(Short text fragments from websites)
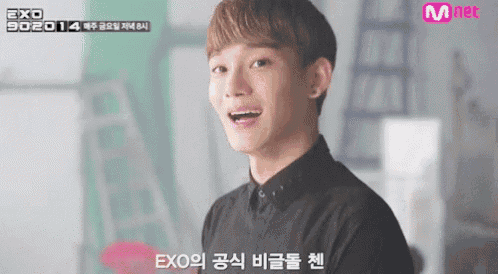 a young man in a black shirt is smiling in front of a mnet sign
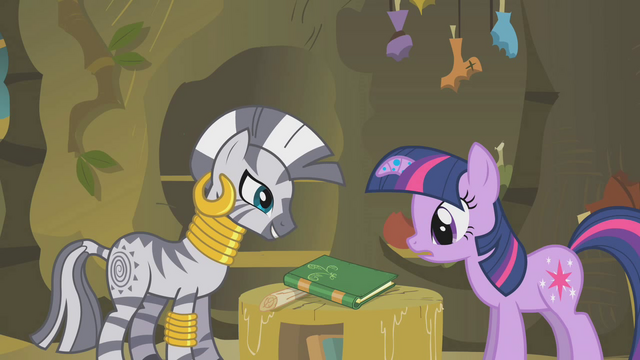 File:Twilight looks at the book that contains the remedy S1E09.png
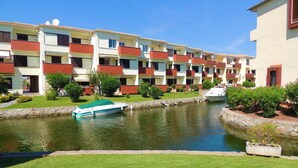 A row of multi-story buildings with balconies, a canal, and a boat docked by the water. - PORT SOTAVENT 2A (Empuriabrava)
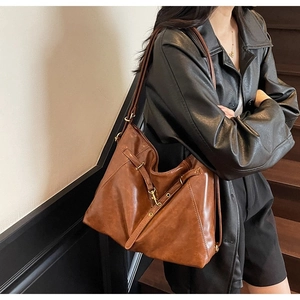 Detail of the vintage dark brown tote bag showing the textured finish and golden buckle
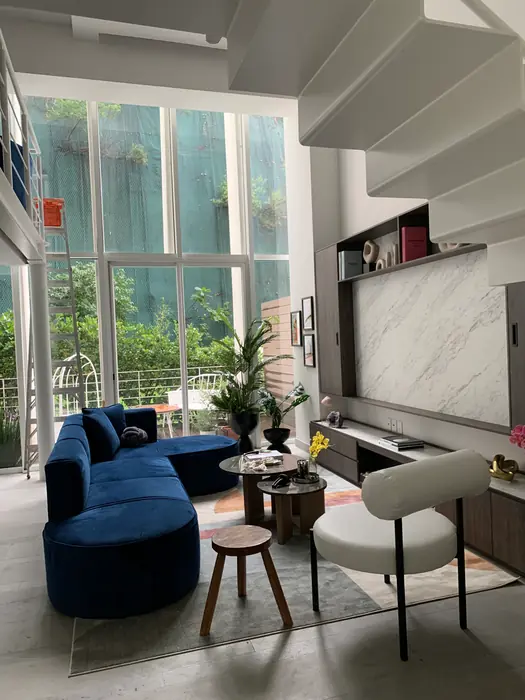 Estancia de doble altura con ventanal al jardín y mueble de TV en mármol
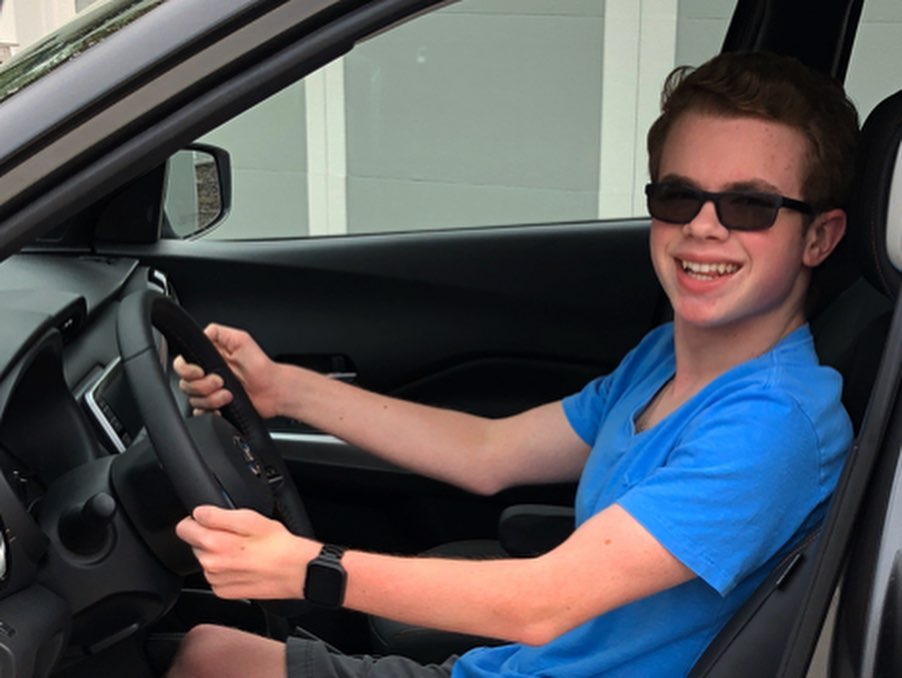 Ryleigh Newman in the driver's seat of the Kicks in a blue T-shirt and sunglasses, both hands on the steering wheel, smiling brightly at the camera through the open driver's door in a driveway.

» **Task brief**:
Write out each entry exactly; any pictures stay out of the copy.

» **Written reply**:
 a young man in a black shirt is smiling in front of a mnet sign
 File:Twilight looks at the book that contains the remedy S1E09.png
 A row of multi-story buildings with balconies, a canal, and a boat docked by the water. - PORT SOTAVENT 2A (Empuriabrava)
 Detail of the vintage dark brown tote bag showing the textured finish and golden buckle
 Estancia de doble altura con ventanal al jardín y mueble de TV en mármol
 Ryleigh Newman in the driver's seat of the Kicks in a blue T-shirt and sunglasses, both hands on the steering wheel, smiling brightly at the camera through the open driver's door in a driveway.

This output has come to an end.